**Task to complete**: Your reproduction of the entries should be exact and should contain no pictures.

**Input data**:

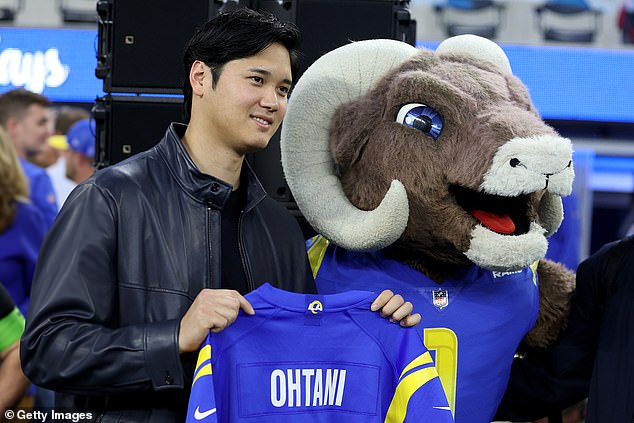 Shohei Ohtani holds up a Rams shirt as he steps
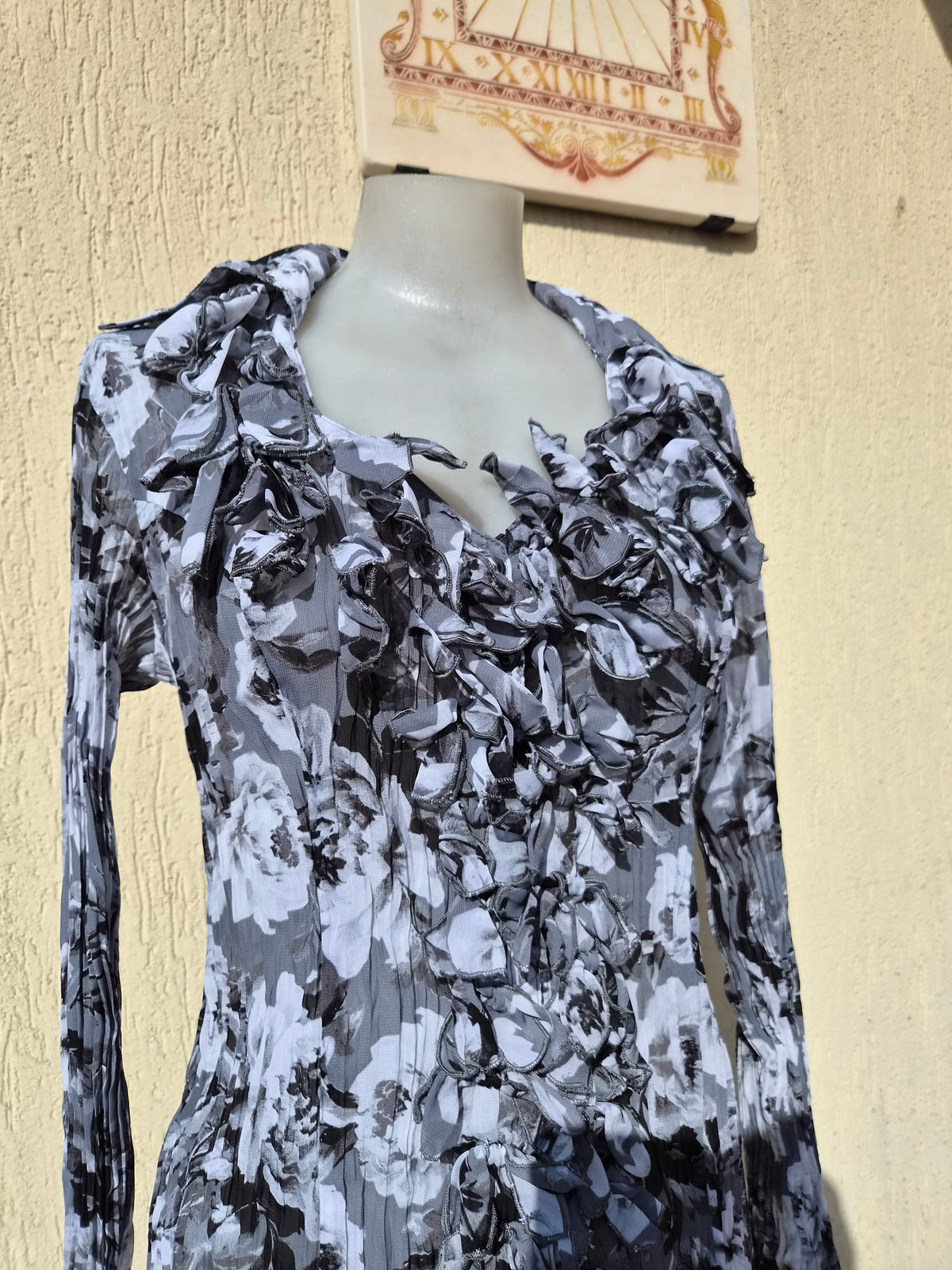 Grey-toned ruffled blouse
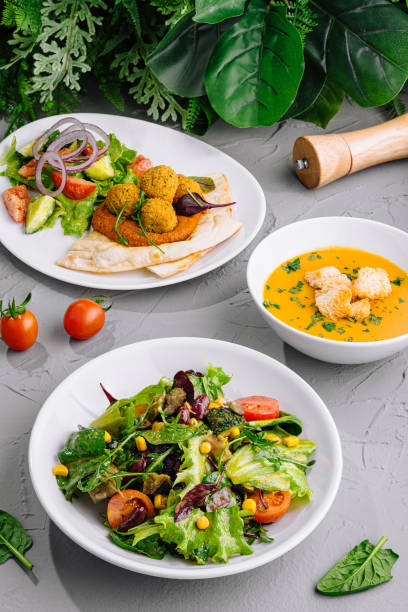 istock Fresh vegetarian salad and soup meal setup 2149630853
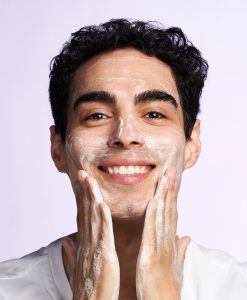 Bild på en man som rengör ansiktet med Deep Clean AHA Cleanser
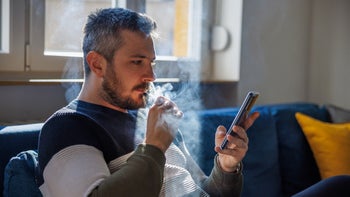 Smoking cessation: man smoking electronic cigarette 1418983675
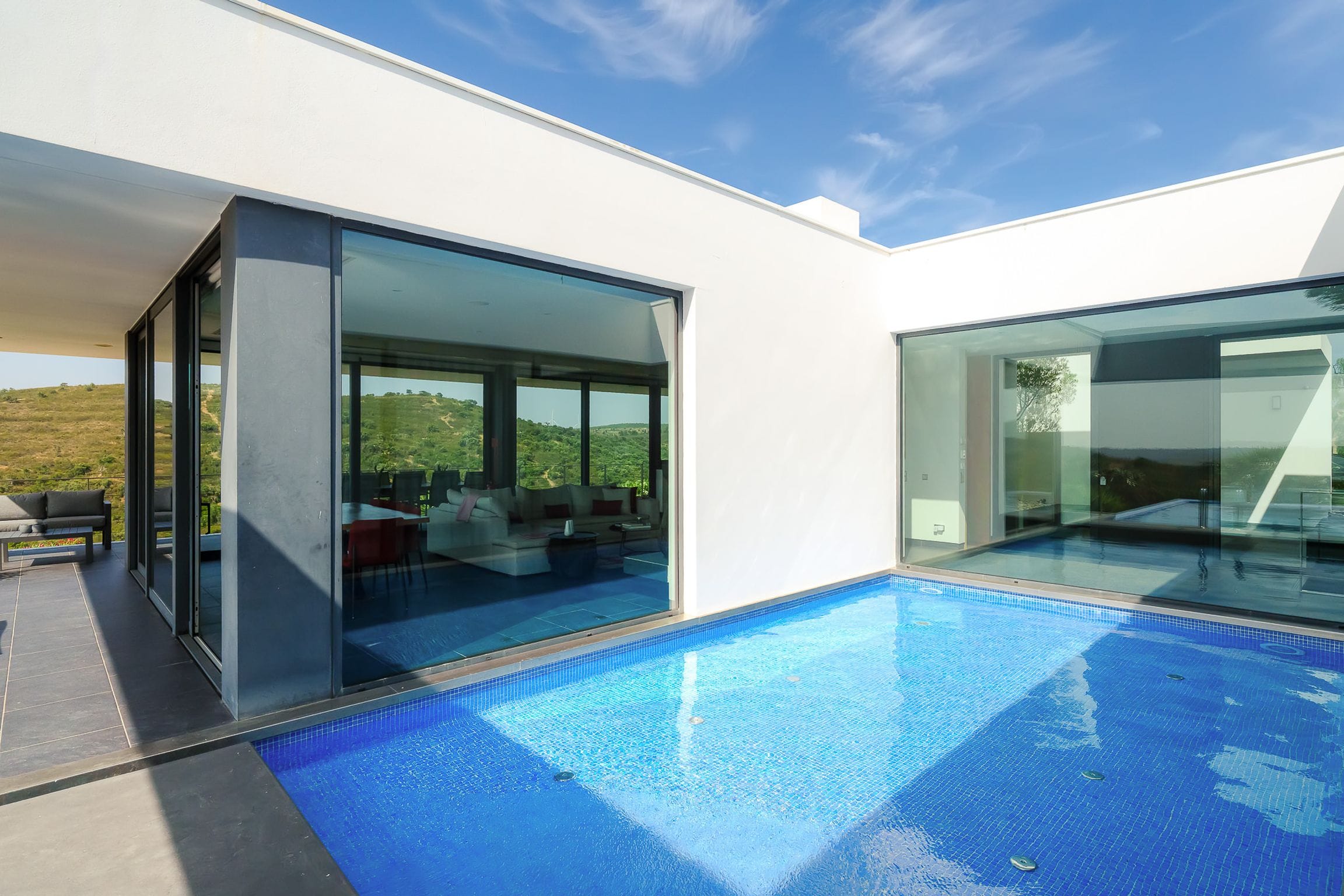 Courtyard section of the pool reflecting the glass walls of the living room, hills visible through the glazing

**Answer to this exercise**:
 Shohei Ohtani holds up a Rams shirt as he steps
 Grey-toned ruffled blouse
 istock Fresh vegetarian salad and soup meal setup 2149630853
 Bild på en man som rengör ansiktet med Deep Clean AHA Cleanser
 Smoking cessation: man smoking electronic cigarette 1418983675
 Courtyard section of the pool reflecting the glass walls of the living room, hills visible through the glazing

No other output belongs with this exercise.